Replacing characters in a file

rossi · July 15, 2014, 11:35am

Suppose I have a file which has 1000 columns (5 SHOWN FOR EXAMPLE)
two alphabets are separated by a space and then tab

A A"\t"C C"\t"G G"\t"0 0"\t"T T
A G"\t"C C"\t"G G"\t"A T"\t"0 0
G A"\t"0 0"\t"G C"\t"A A"\t"T C

whenever there is a 0 0 in any column, the output should be printed as

A A"\t"0 0"\t"G G"\t"0 0"\t"0 0
A G"\t"0 0"\t"G G"\t"0 0"\t"0 0
G A"\t"0 0"\t"G C"\t"0 0"\t"0 0

Can someone tell be how to solve this problem for 1000 columns.

Thank You in advance

Scrutinizer · July 15, 2014, 1:49pm

Hi, try:

awk '$0~s{$2=s; for(i=4; i<=NF; i++) $i=s}1' s="0 0" FS='\t' OFS='\t' file

RudiC · July 15, 2014, 1:53pm

Not clear. What are the columns? Are those columns space separated or TAB separated? Your sample shows five, not four columns. Will Col three always be retained? What about Col 1000?

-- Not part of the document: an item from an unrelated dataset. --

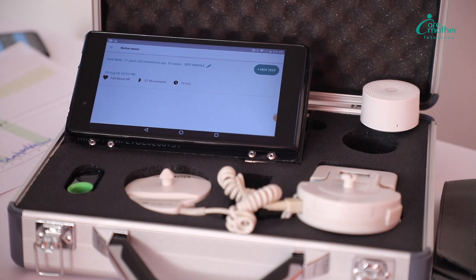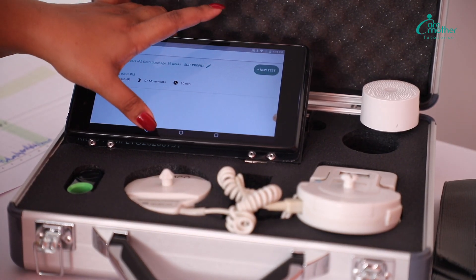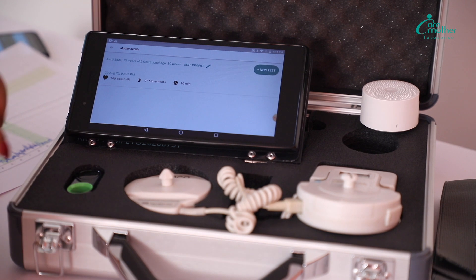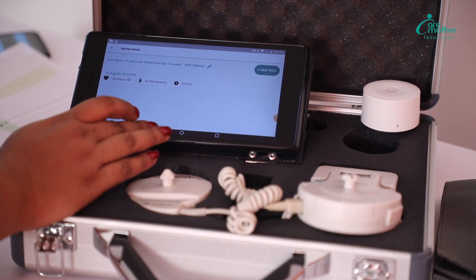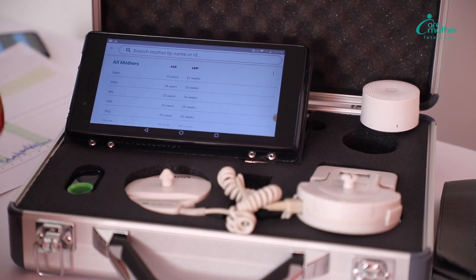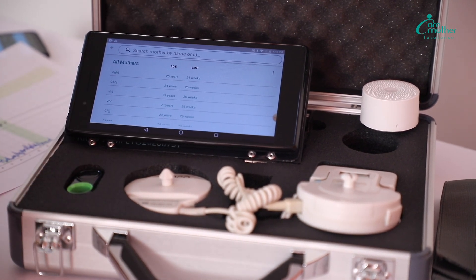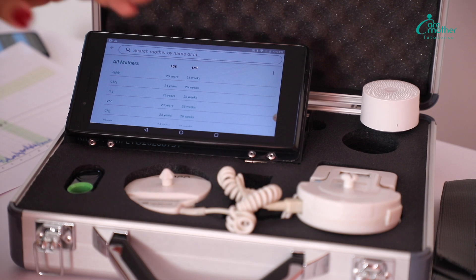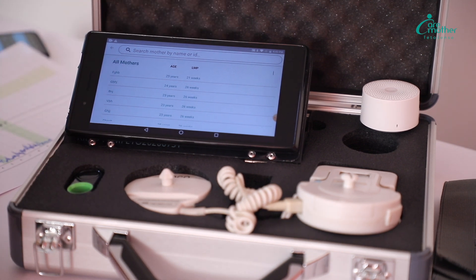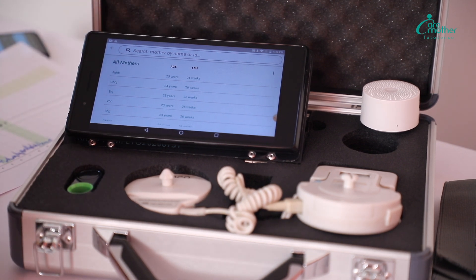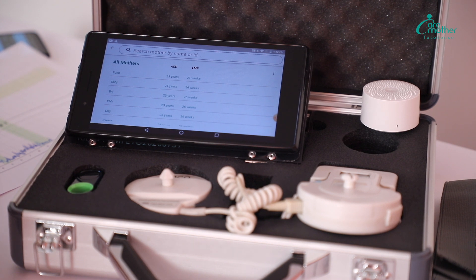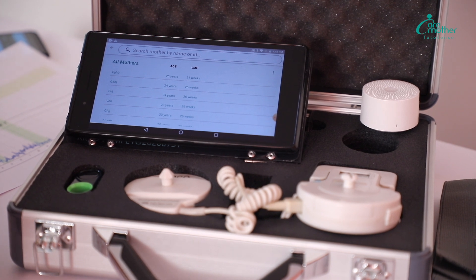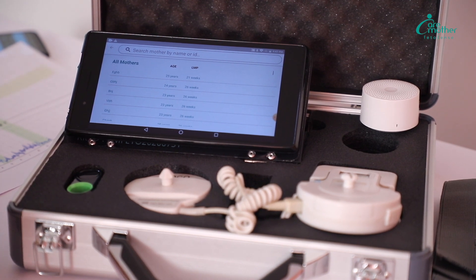To add to all of this, this device gives you the chance of being able to share the baby's heartbeat sound with the mother, which she can further share with the family. This enhances the whole patient experience and thus increases your patient engagement as well. Thank you.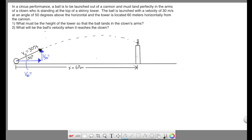The angle the ball is launched at is 50 degrees, and the first question wants us to find the height of the tower, which is going to be the vertical displacement of the ball from start point to end point. This y is what we're looking for — the height of the tower — so that the ball lands perfectly in the arms of the clown.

Please specify more carefully in English.

rossi · July 15, 2014, 2:58pm

Hi

Sorry, the example has 5 columns.
Lets's take the 1st row
There is a space between A A, tab 0 0, tab G G, tab 0 0, tab T T.
Column three won't always be retained.

---------- Post updated at 06:58 PM ---------- Previous update was at 06:49 PM ----------

Hi,

Thank you so much, it tested it on the above example and it works.
Can you explain the code a bit. Like why is i=4, $2=s.

Thanks once again

Scrutinizer · July 15, 2014, 3:10pm

Hi, sure:

awk '
  $0~s {                         # if the line contains the search string in variable s
    $2=s                         # set the second field to that string 
    for(i=4; i<=NF; i++) $i=s    # and set field 4 and higher to that string (thus leaving only field 1 and 3 unchanged)
  }
  1                              # print the line
' s="0 0" FS='\t' OFS='\t' file  # set s (the search string variable) to "0 0" and 
                                 # and set both input and output field separators to TAB

rossi · July 15, 2014, 3:44pm

Hi

I understand now from the comments what i=4 does in this example.

But what if I don't know the exact positions of the columns which has 0 0 in the 1000 column file. Let's suppose an example, column 4 doesn't have 0 0, column 5 has 0 0, no 0 0 in column 6 and 7, 0 0 in column 8 and so on.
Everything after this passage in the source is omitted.